In 1895 when Alfred Nobel drew up his will stipulating the rules of the prize, he insisted that the responsibility for the Peace Prize should be delegated to the Norwegian Storting (Parliament). Ever since the first Peace Prize was given to Jean Henri Dunant in 1901, the Swiss founder of the Red Cross, it has been awarded in Oslo.

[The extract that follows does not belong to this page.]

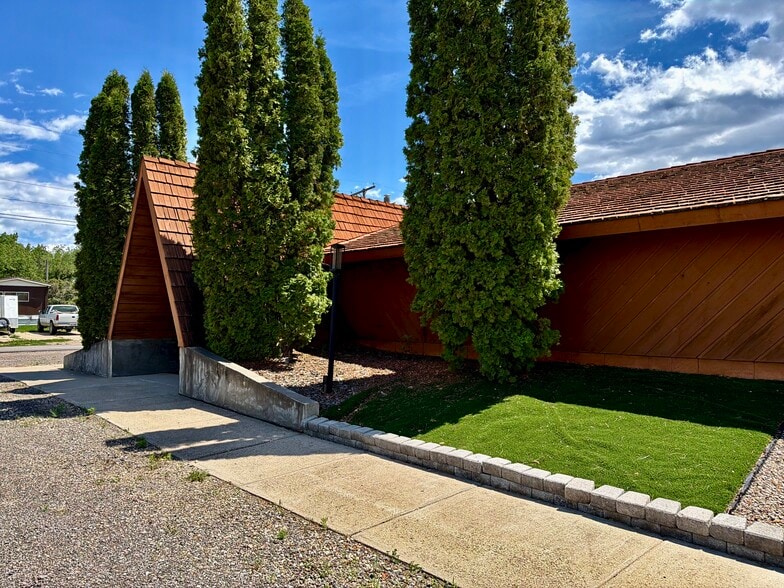 More Photos Of 311 12th St, Chinook Specialty For Sale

Nowadays, when someone like Barack Obama comes to Norway to accept the Nobel Peace Prize, the world watches. Over the years, it has been awarded to Martin Luther King, Mother Teresa, Lech Walensa, the 14th Dalai Lama, Mikhail Gorbachev, and Nelson Mandela to name just a few. The Prize Committee has a serious job on its hands in making a selection each year, and I wonder if such a responsibility has any kind of effect on Norway as a nation. Having survived five years of Occupation within living memory, ‘Peace’ is highly cherished. Norway is a wealthy nation, but it is also a small one...it plays a valuable role within international relations and takes a keen interest in how to solve problems in the world’s trouble spots. Norwegians were involved in peace processes in Sri Lanka, El Salvador, Sudan, Nicaragua and the former Yugoslavia. In 1993 the Norwegian contribution to the peace process in the Middle East led to what has become known as the Oslo Accord between Israel and the PLO.
You might think that a small country has no real political weight within international politics, and that for any one individual to try to work towards peace is naive and ridiculously optimistic. But I’ve been reading a book that proves every individual effort is not only worthwhile but necessary. A friend pointed me towards ‘A Billion Lives’ by Jan Egeland. Despite growing up in a comfortable home in Stavanger, Egeland was well-aware of the difficulties other people faced across the world. As a teenager he became involved in campaigning for human rights, and before long had established a career for himself. Described nowadays as a ‘veteran peacemaker’, he became the UN Undersecretary-General for Humanitarian Affairs and worked in Darfur, Eastern-Congo, Lebanon, Gaza, Northern Israel, Northern Uganda and Colombia. He is now the Director General of the Norwegian Institute of International Affairs, and was indeed the initiator of the Norwegian channel between Israel and the PLO that lead to the Oslo Accord.
Egeland quotes Henrik Ibsen at the start of his book : ‘A community is like a ship. Everyone ought to be able to take the helm.’ But it is a remark Egeland makes himself that fills the reader with hope, despite everything.
‘For the vast majority of people, the world is getting better, there is more peace, more people fed and educated, and fewer forced to become refugees than a generation ago. So there is reason for optimism.’ Egeland’s story is a testament to the fact that one person, despite their privileged background, can do a great deal of good. Go read.